La loi sur le scrutin municipal à Paris, Lyon et Marseille
Plus technique, la proposition de loi dite « PLM » harmonise le mode de scrutin municipal dans ces trois grandes villes avec celui des autres communes, en supprimant les spécificités de leurs arrondissements. Soutenue par l’exécutif et portée par le macroniste Sylvain Maillard, cette réforme a été rejetée à deux reprises par le Sénat, où ses opposants, tant à gauche qu’à droite, la considèrent comme un tripatouillage électoral inacceptable à moins d’un an des élections municipales. La réforme a exacerbé les divisions au sein du bloc central, même au sein du gouvernement.
Une des principales critiques portées contre cette réforme concerne l’irrecevabilité financière. « Ce texte créerait des dépenses supplémentaires, ce qui n’est pas permis par l’article 40 de la Constitution », explique Thibaud Mulier. La mise en place de deux scrutins distincts engendrerait des coûts supplémentaires, soulevant ainsi une éventuelle censure. D’autres préoccupations, comme les inégalités entre les communes ou le manque de clarté du scrutin, sont jugées moins solides par les experts, compte tenu de la jurisprudence actuelle du Conseil.
Le temps presse alors que la décision tombera juste avant l’ouverture officielle de la période pré-électorale les 1er septembre pour les municipales.

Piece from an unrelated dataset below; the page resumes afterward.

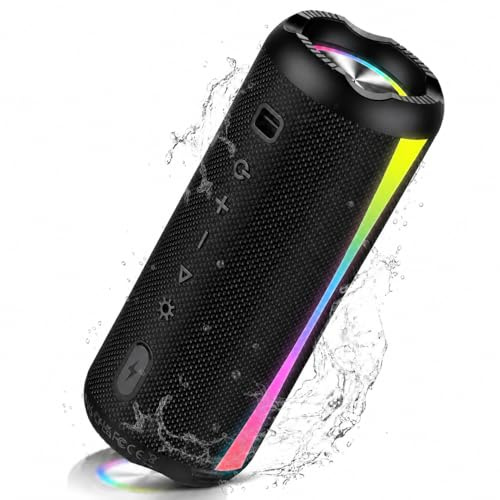 dotn Bluetooth Lautsprecher, Musikbox Bluetooth 5.4 mit RGB Lichter, Tragbarer Lautsprecher Freisprechfunktion für Phone, 20h Akku, IP7 wasserdicht Fantastischer Sound Geeignet Outdoor/Garten/Sport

La loi pour la refondation de Mayotte
Une loi organique et une loi de programmation ont été promulguées pour reconstruire Mayotte après le cyclone Chido survenu en décembre dernier. Si ces textes suscitent de grands espoirs chez la population locale, plusieurs propositions de lutte contre l’immigration dans la loi de programmation suscitent l’inquiétude des députés écologistes, insoumis et socialistes. Des mesures, comme la stricte régulation de l’obtention des titres de séjour pour les parents étrangers d’enfants nés à Mayotte, sont au cœur des débats.
Thibaud Mulier souligne qu’une disposition permettra la rétention administrative d’un étranger accompagné d’un mineur, ce qui entrerait en contradiction avec le droit commun et pourrait compromettre l’intérêt supérieur de l’enfant. Par le passé, les Sages ont déjà autorisé des exceptions pour Mayotte, comme l’a fait lors de la récente réforme de la nationalité. Une censure de ce volet serait un revers pour Bruno Retailleau, qui a fait de la lutte contre l’immigration une priorité.

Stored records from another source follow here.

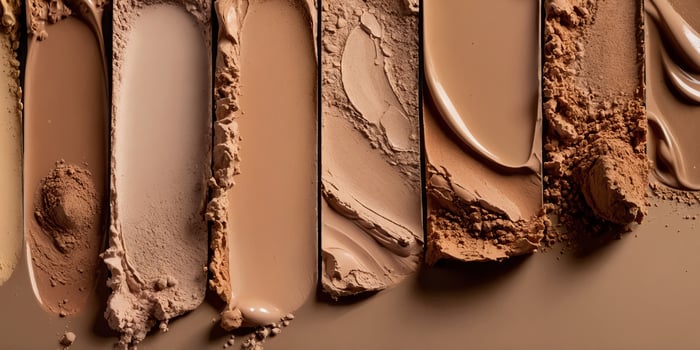 Foundation swatches from light to dark with a mix of powder and liquid foundation products. photo
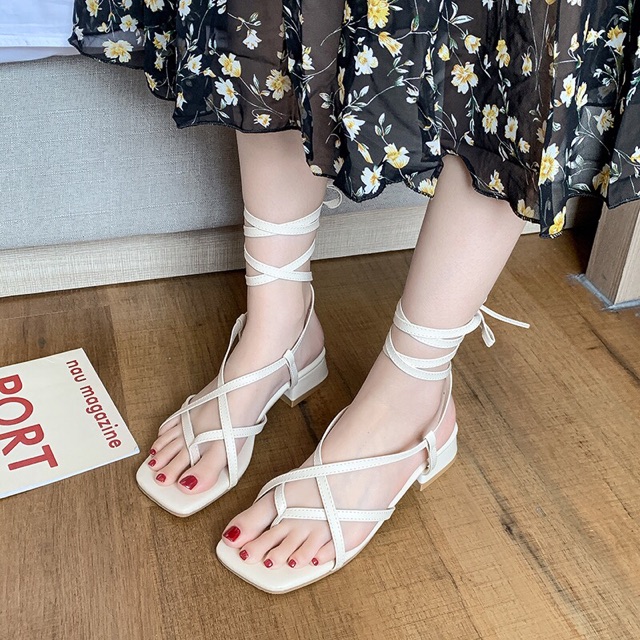 [ ord taobao ] Dép sandal nữ dây dép xỏ chân dây ôm cổ chân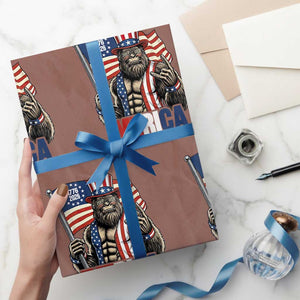 Funny Patriotic Bigfoot Merica Rock Wrapping Paper Roll USA 250th Anniversary TS12 Mocha Print Your Wear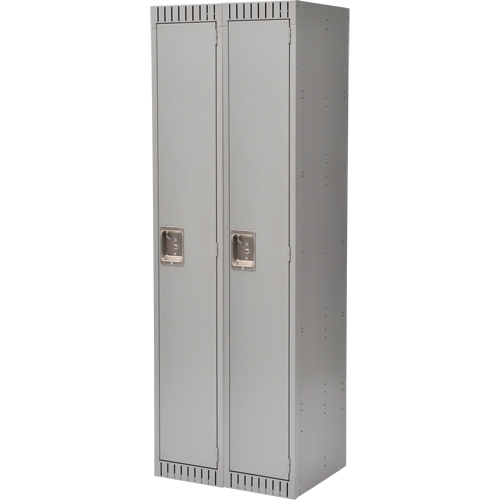 Lockers, Bank of 2, 24" x 18" x 72", Steel, Grey, Knocked Down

La loi sur la rétention des étrangers jugés dangereux
Le ministre de l’Intérieur scrutera attentivement la décision des Sages concernant le texte adopté après le meurtre de Philippine, une étudiante de 19 ans, tragiquement retrouvée morte en 2024. Le suspect, un marocain en situation régulière ayant déjà purgé une peine pour viol, avait été libéré d’un centre de rétention quelques semaines avant ce crime.
La proposition de loi adoptée à la mi-juillet vise à prolonger la durée de rétention d’étrangers jugés dangereux, passant de 90 à 210 jours. Bruno Retailleau s’en réjouit, en la qualifiant d’« avancée majeure » et affirmant qu’elle « peut sauver des vies ». Cependant, la gauche ainsi que diverses associations dénoncent le texte comme étant « démagogue » et potentiellement nuisible à l’État de droit.
Le projet inclut également la rétention de certains demandeurs d’asile qualifiés de « menace à l’ordre public », ainsi que la possibilité d’exécuter des opérations de vérification d’identité sous contrainte, ajoutant ainsi des mesures controversées déjà présentes dans la loi immigration adoptée en 2023, qui avaient été largement censurées par les Sages.